Instead of adopting the proven R-7 stacking scheme which was much easier to test piece by piece, Korolyov opted to a novel design which was too wide (17m!!), and static fires required a humongous and prohibitively expensive testing facility. The lack of static fires made the development too slow and expensive, as the only way to test it was in the actual flight. Combine this with other technical mistakes (the shape led to the extra weight while the modularity wasn't required, too much drag, etc) and Mishin's poor leadership after Korolyov's death, and you have a recipe for a failed project.

Starship is much narrower (9m), today's tech is much better, so the static fires are much cheaper; and unlike N-1, it's actually designed for fast iterations from the ground up.



> N1 was a technical blunder on many levels

Why? It had pretty advanced engines, conservative fuel choices, architecture optimized for low requirements at manufacturing. And it was originally planned for Mars missions, not LEO missions.

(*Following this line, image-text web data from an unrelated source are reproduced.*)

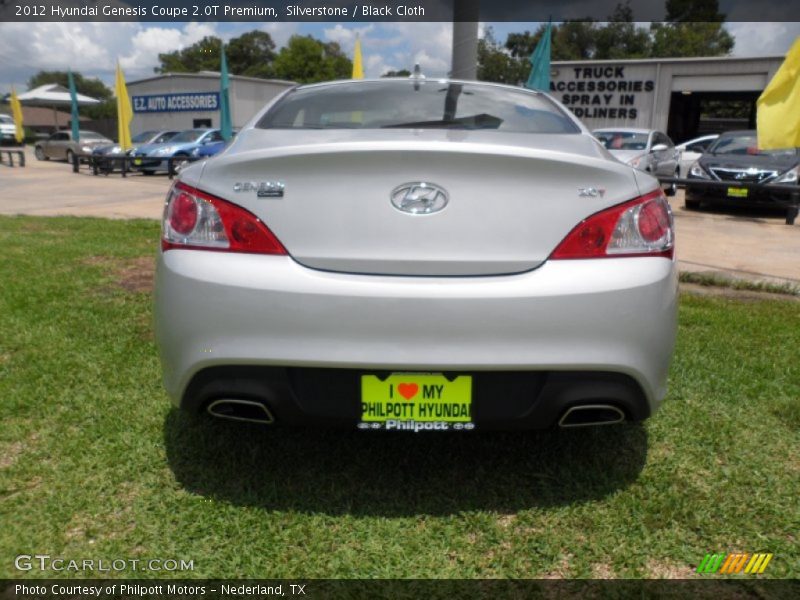 Silverstone / Black Cloth 2012 Hyundai Genesis Coupe 2.0T Premium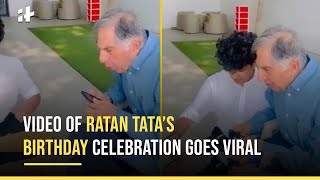 Video Of Ratan Tata’s Birthday Celebration Goes Viral [upl. by Gnauq]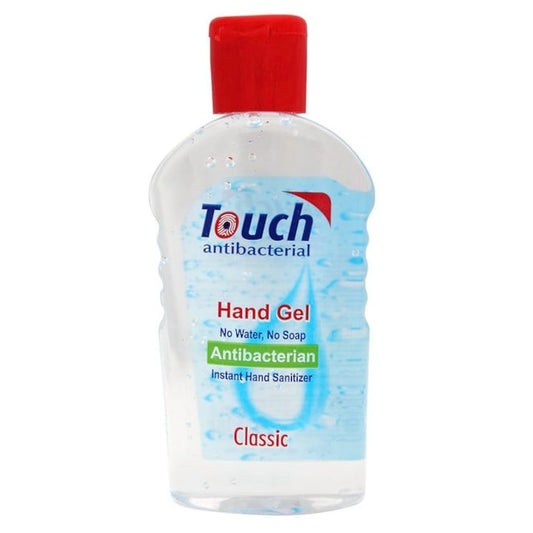 Gel dezinfectant pentru maini Touch, Clasic cu efect antibacterian, 112 ml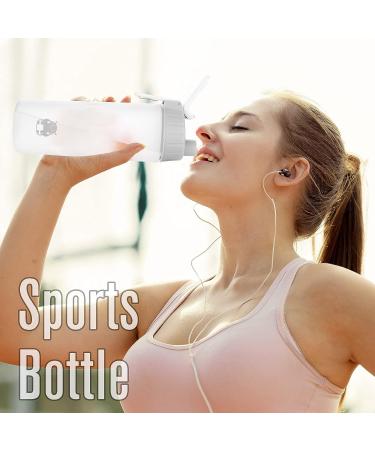 BONMIXC Tritan Protein Shaker Bottle 28oz - BPA/BPS/BPF Free Sports Cup with Mixer - Frosted White - Buy Online on GoSupps.com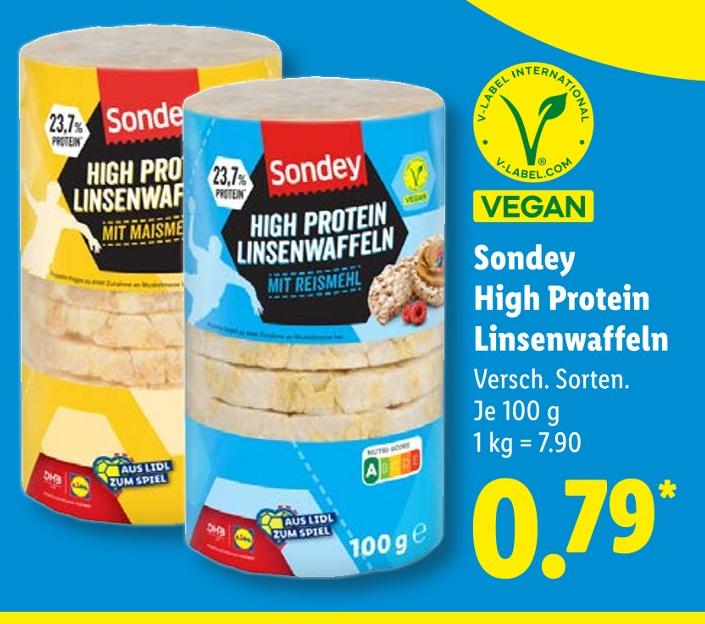 High Protein Linsenwaffeln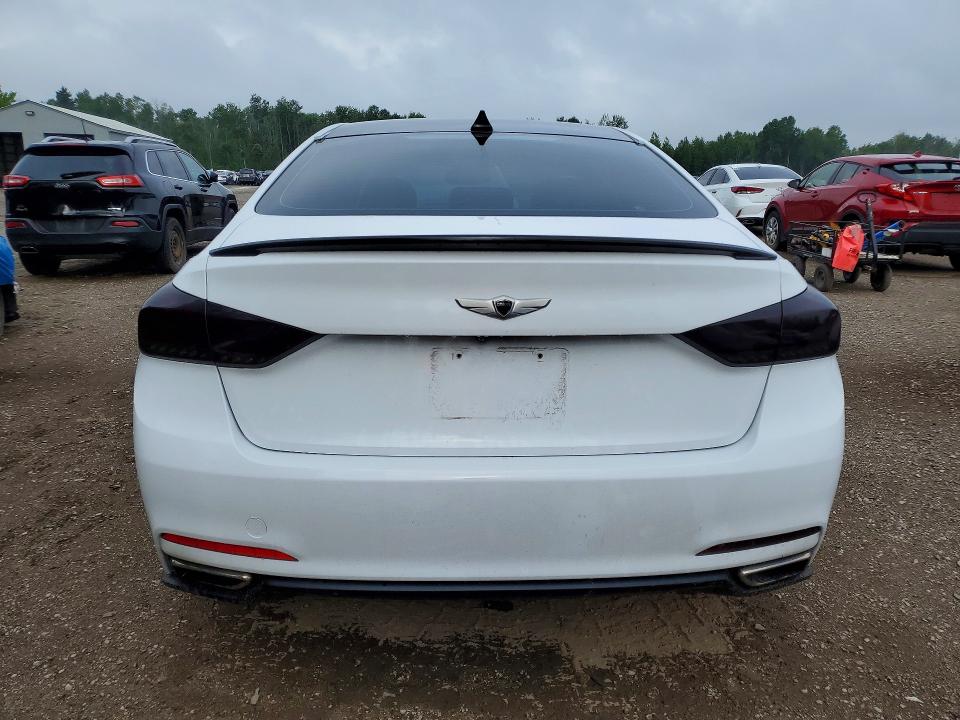 2015 Hyundai Genesis VIN KMHGN4JE0FU027181 COPART salvage auction — FRONT END, On - Permit Salvage, sold $1,950 on 2026-07-09 (photo 6)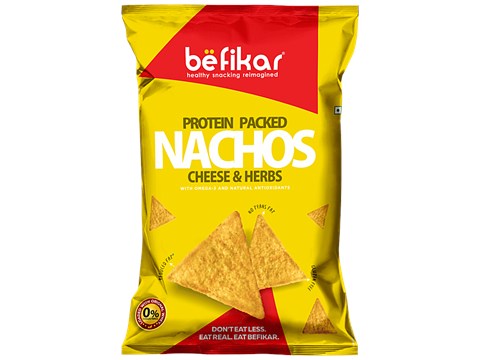 Befikar Protein Packed Nachos - Cheese & Herbs, 60 g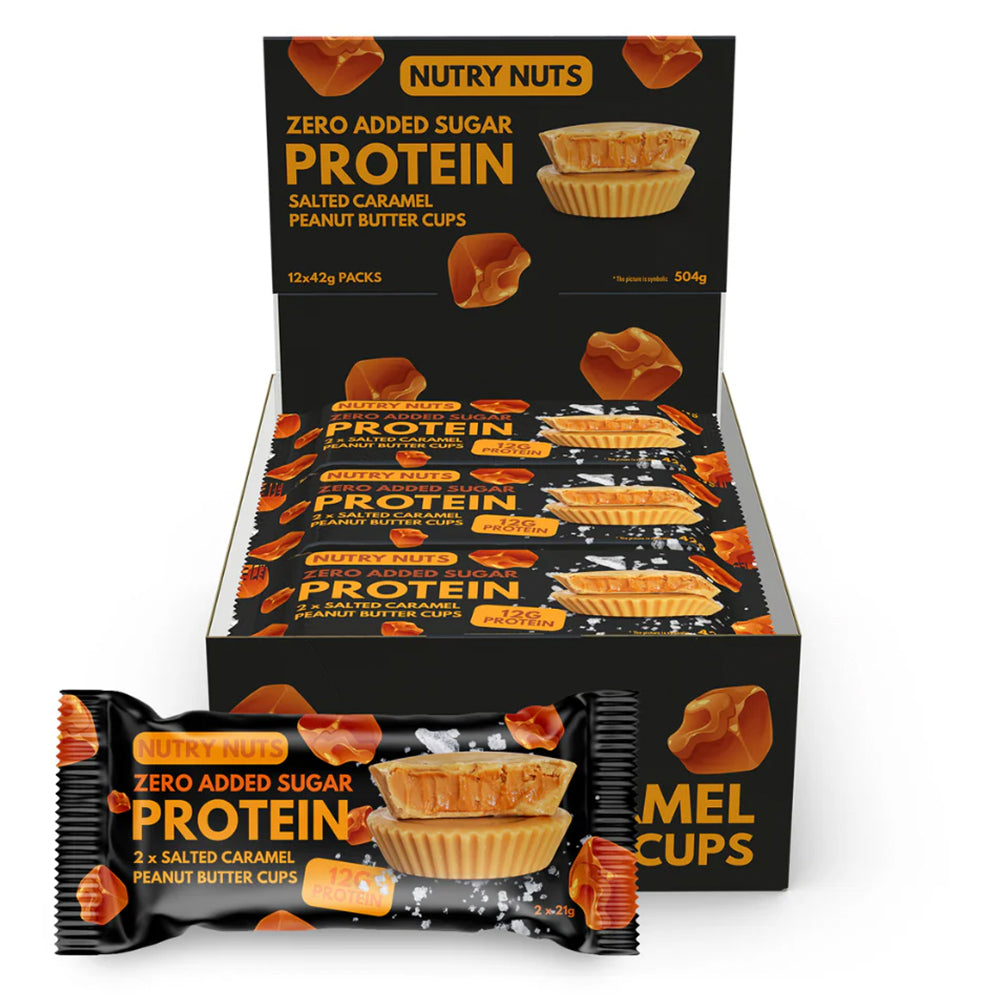 Nutry Nuts Peanut Butter Cups - Salted Caramel (12x 42g) - Proteinsnacks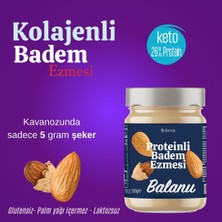 Balanu 2'li Set Kolajenli Badem Ezmesi & Proteinli Fındık Ezmesi 360 gr
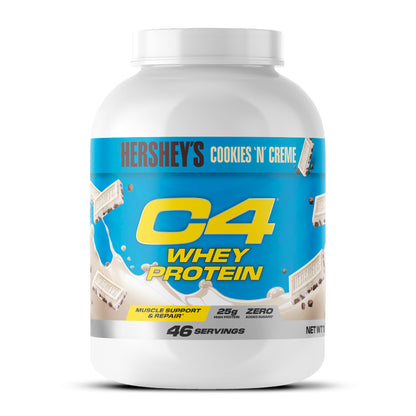 Cellucor C4 Whey Protein Powder, Low Sugar, Post-Workout Recovery
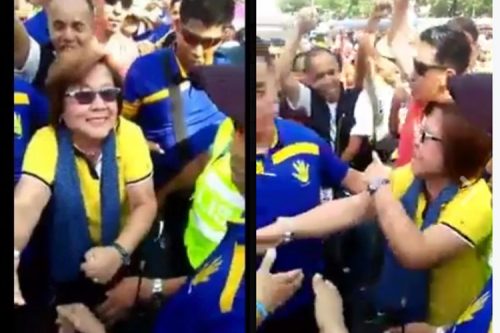 Viral: Large Crowd Insults Senator De Lima By Shouting The Name Duterte In Front Of Her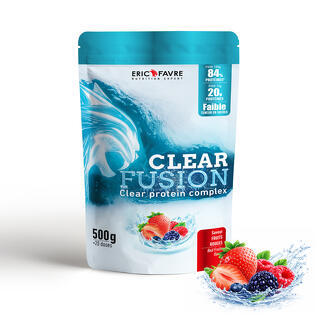 Clear Fusion - Clear Protein Complex saveur Fruits rouges contenance 500g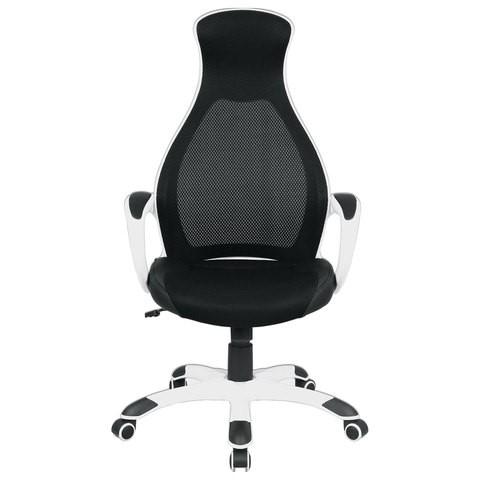Офисное кресло Brabix Premium Genesis EX-517 (пластик белый, ткань/экокожа/сетка черная) 531573 в Архангельске - изображение 3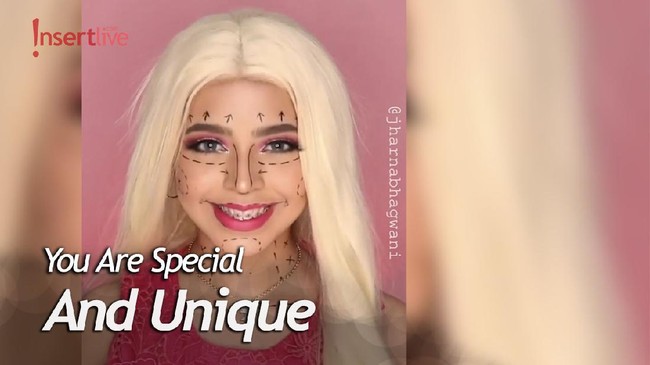 Pesan MUA Viral, Jharna Bhagwani Lewat #barbiegirlchallenge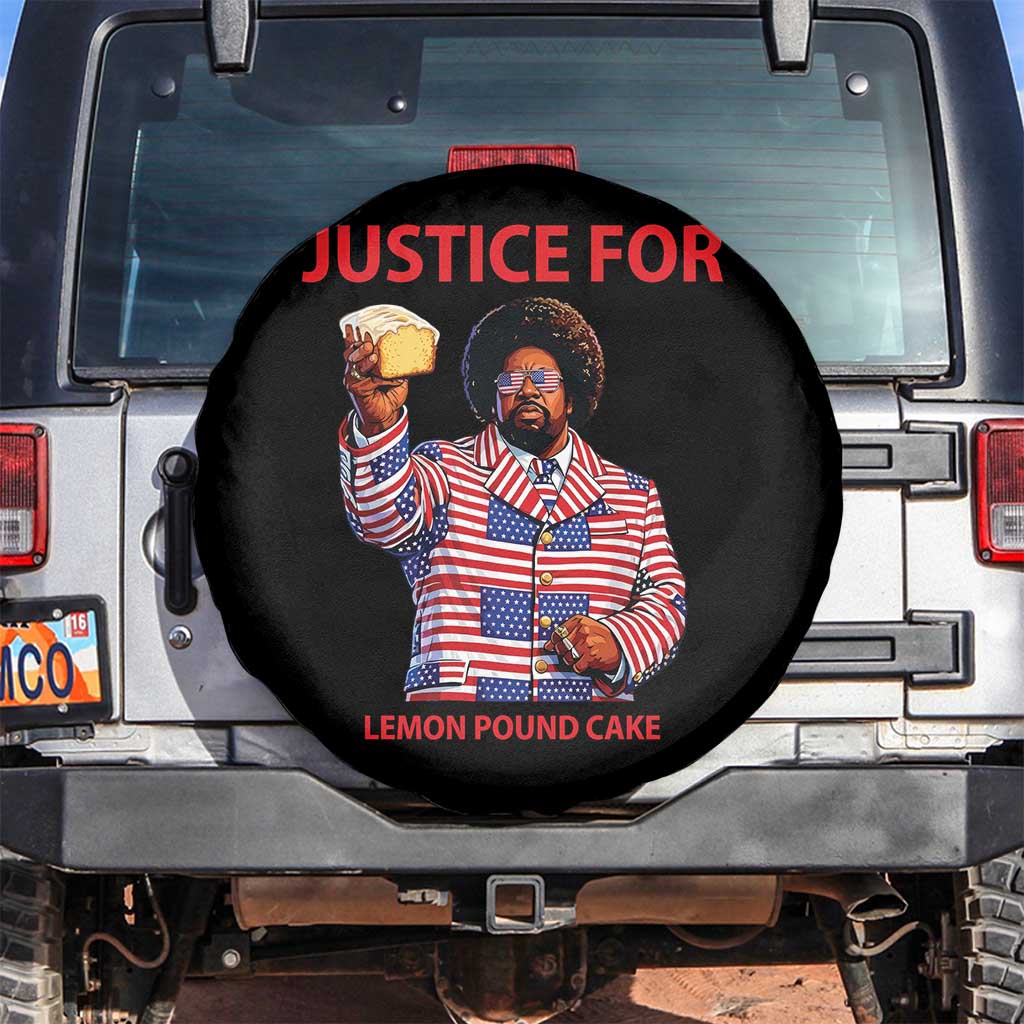 Justice for Lemon Pound Cake Spare Tire Cover Funny Viral Edgy Meme Courtroom Parody Rap Fans TS02 No hole Black Print Your Wear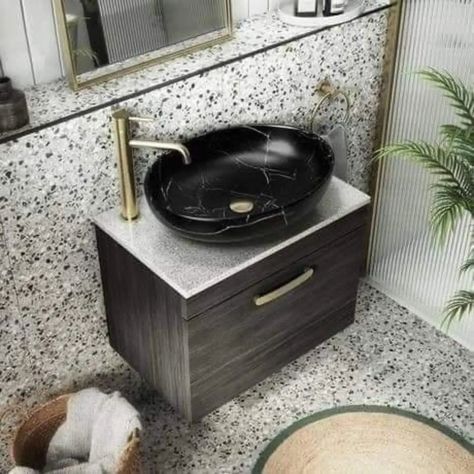 Bathroom Design ✨️ #trendingpost #viralpost #instagramreels #bathroomtour #explorepage #beforeandafter #interiorbathroom #bathroomdesign #bathroomdecor #rennovation #homedesignsdworld #fypシ゚viralシ2024fyp #explorepost #viralpost #foodreview #fitnesschallenge #mukeshambani #90sbollywood #skincaregoals Marble Basin Counter, Table Top Basin Counter Design, Counter Top Basin Bathroom Vanity Units, Basin Counter Design, Black Wash Basin, Counter Top Washbasin, Wash Basin Counter, Modern Pedestal Sink, Vanity Wash Basin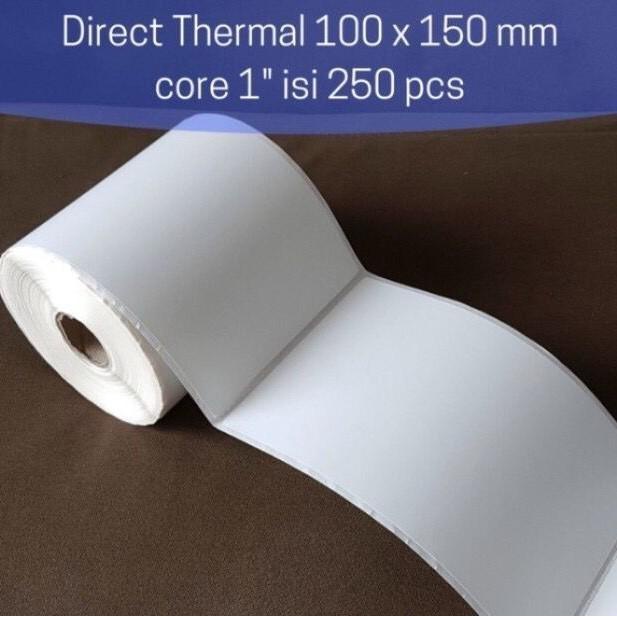 

Viral Sticker Label Barcode Tempel 100 X 150Mm Kertas Sticker Label Resi Packing Aman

> Korolyov opted to a novel design which was too wide (17m!!)

Why too wide? Technical decisions were made with all degrees of justifications available at the time. That it's wider than anything else till today, including Starship, doesn't make it "too wide".

> Combine this with other technical mistakes (the shape led to the extra weight while the modularity wasn't required, too much drag, etc)

Extra weight in weight-carrying construction is compensated, at least to a degree, by lesser weight of spherical tanks. Modularity was present so even N-11 was considered - two upper stages of N-1. Too much drag - comparing to what?

N-1 was quite state of the art technically when it was created. I don't see how calling it a technical blunder can be justified.


N1 got funding in 1964 and had it's first stacked test flight in 1969 (5 years). Starship was announced in 2017 (though the raptor engines in 2016) and had it's first stacked test flight today (5 years). So far development speed is the same, even with SpaceX's better technology.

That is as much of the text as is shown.